The classic view of Notch receptor activation involves receptor binding to transmembrane Notch ligands that contain a conserved DSL (Delta, Serrate, and LAG-2) domain. Here, we find that the Caenorhabditis elegans OSM-11 protein is a novel ligand of the well-characterized Notch signal transduction pathway and plays a role in cell fate specification during development. OSM-11 is a secreted, diffusible protein whose loss decreases Notch signaling in vivo. OSM-11 and related C. elegans proteins do not contain a DSL domain, but contain a conserved motif we have named DOS (Delta and OSM-11) that is also found in the extracellular domain of known Notch ligands in organisms other than C. elegans. The functional mammalian homolog of OSM-11 is the secreted protein Deltalike1 (Dlk1), also known as Preadipocyte Factor 1 (PREF1), which plays a poorly defined role in Notch signaling regulating obesity and other developmental decisions.

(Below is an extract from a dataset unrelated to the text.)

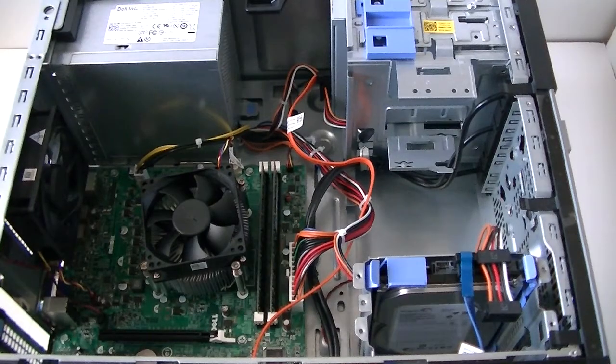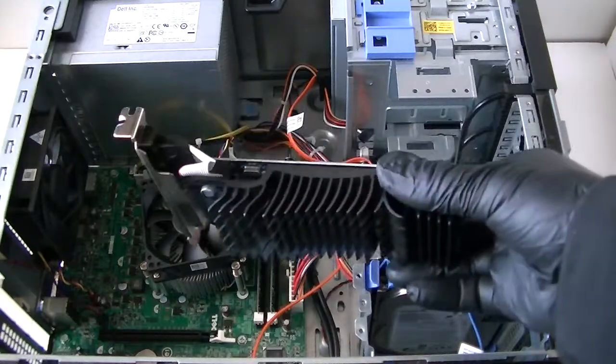Remove the side panel cover here. Now you can install the video card right through the PCI Express X16 slot right here — the black one. Remove the PCI bracket right here and install the video card.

This suggests that Notch ligands are split into two complementary coligand families that act together to regulate Notch signaling in developmental contexts. In addition to regulating development, DOS ligands play roles in osmotic stress and C. elegans behavior, suggesting previously unsuspected roles for Notch signaling across species.
The C. elegans OSM-11 protein acts with DSL ligands to activate Notch signaling in cell fate specification and defines a conserved family of potential Notch co-ligands.